The opinion of the court was delivered by: OBERDORFER



 In this civil action, plaintiff United States has moved for summary judgment against defendants Andrew L. Stone and Francis N. Rosenbaum. Both defendants have been charged with violations of the False Claims Act, 31 U.S.C. § 231 (1976); breach of warranty; liability under the doctrine of "recoupment of public funds paid by mistake"; and violations of the Anti-Kickback Act, 41 U.S.C. §§ 51 et seq. (1976). In addition, the Government seeks imposition of a constructive trust upon certain property that allegedly is traceable to defendants' wrongful acts.
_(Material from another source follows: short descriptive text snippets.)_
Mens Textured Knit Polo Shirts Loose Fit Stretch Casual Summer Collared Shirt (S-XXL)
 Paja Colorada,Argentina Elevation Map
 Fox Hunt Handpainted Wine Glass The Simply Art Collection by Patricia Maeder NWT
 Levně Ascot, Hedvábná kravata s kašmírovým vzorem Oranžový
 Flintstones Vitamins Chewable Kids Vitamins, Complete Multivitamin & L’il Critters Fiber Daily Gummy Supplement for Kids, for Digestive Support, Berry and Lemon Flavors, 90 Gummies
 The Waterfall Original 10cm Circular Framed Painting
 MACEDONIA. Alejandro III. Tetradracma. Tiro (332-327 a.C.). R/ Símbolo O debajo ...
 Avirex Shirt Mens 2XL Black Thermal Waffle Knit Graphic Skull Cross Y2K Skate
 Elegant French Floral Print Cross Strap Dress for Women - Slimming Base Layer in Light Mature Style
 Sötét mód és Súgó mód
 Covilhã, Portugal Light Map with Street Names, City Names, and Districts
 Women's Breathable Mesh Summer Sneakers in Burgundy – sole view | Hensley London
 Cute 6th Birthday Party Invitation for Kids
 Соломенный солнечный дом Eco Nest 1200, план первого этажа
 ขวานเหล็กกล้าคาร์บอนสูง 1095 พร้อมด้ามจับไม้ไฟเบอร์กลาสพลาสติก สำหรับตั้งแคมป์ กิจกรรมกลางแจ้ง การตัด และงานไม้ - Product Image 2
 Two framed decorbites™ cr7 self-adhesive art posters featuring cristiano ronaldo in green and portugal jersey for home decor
Plaintiff's claims are set forth in a First Amended Complaint filed with this Court, and in a First Amended Complaint filed in the United States District Court for the Eastern District of Missouri. *fn1" The actions have been consolidated here by the Judicial Panel on Multidistrict Litigation because both actions arise out of a common factual background of alleged fraud against the United States Government. *fn2" The other suits that were part of this Multidistrict Litigation have been terminated; *fn3" only the United States' actions against defendants Stone and Rosenbaum remain. In addition, the United States Tax Court has under advisement the report of Special Trial Judge Caldwell in Rosenbaum, et al. v. Commissioner, Docket Nos. 5199-72, 5200-72, 5311-72, 5312-72, and 2460-75.

 For reasons stated below, the Court grants plaintiff's motion for summary judgment in part, and denies it in part.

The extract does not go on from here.